Volunteers and staff were divided into teams of 3, each on a different 8 hour shift. I chose the 3 am to 11 am shift, not the easiest to be awake for, but made possible with massive caffeine injection. A constant track is challenging especially in the dark when you cannot see the shark or the bottom. One person drives or pulls the boat, following the commands of the tracker.

The tracker has the hydrophone in the water off the bow of the boat, listening to the beeps with headphones. Directions are given to keep within range of the signal, but not to influence the movement of the shark. As daylight breaks the tracking becomes a lot easier; at least you can see what you are wading through as you pull the boat.

Our shark covered some serious ground, spending most of its time in the mangroves along the edge of the sound. This area is being impacted by a massive holiday resort that is seeking expansion by filling in large portions of the mangrove forest. Tracking the sharks and quantifying how much time they spend in this region is crucial for the fight against its destruction.

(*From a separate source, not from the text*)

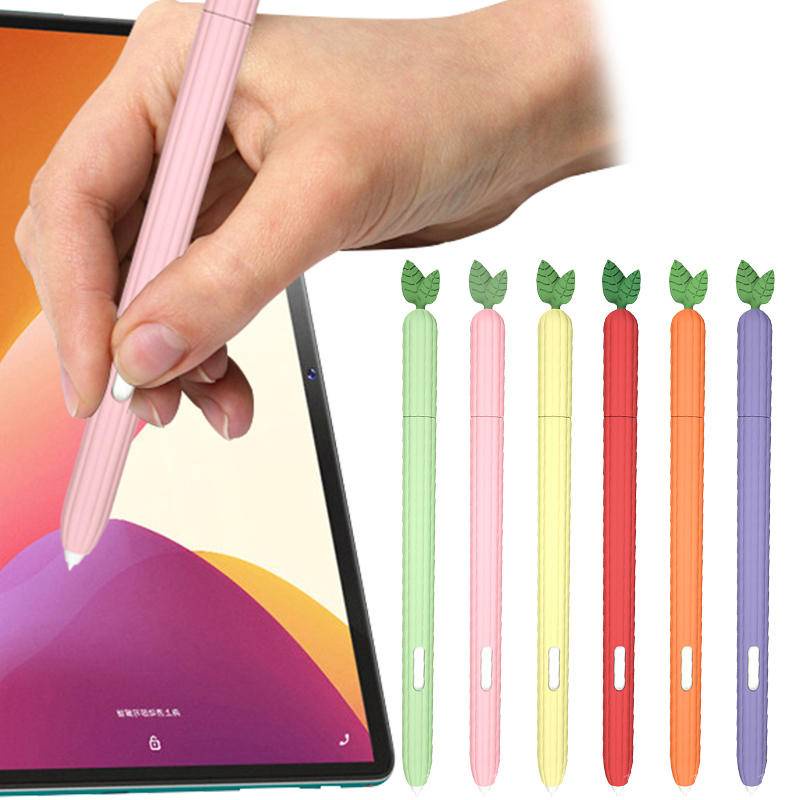 Ốp Máy Tính Bảng Bằng Silicone Mềm Có Ngăn Đựng Bút Cảm Ứng Cho Samsung Galaxy Tab S7 S6 S6 Lite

Taking a break from my cameras has allowed me to get a different glimpse into the world of sharks. Although I still took some photos and did a bit of video work, my focus was on being in the field and helping with the current projects. I was first exposed to sharks as a research intern and that is what catalyzed my continuous work with and for these incredible creatures.

The Sharklab is a crazy and incredible place, like no where else I have ever been. The work being done is contributing to the fight for the survival of these animals and it is amazing to be a part of it!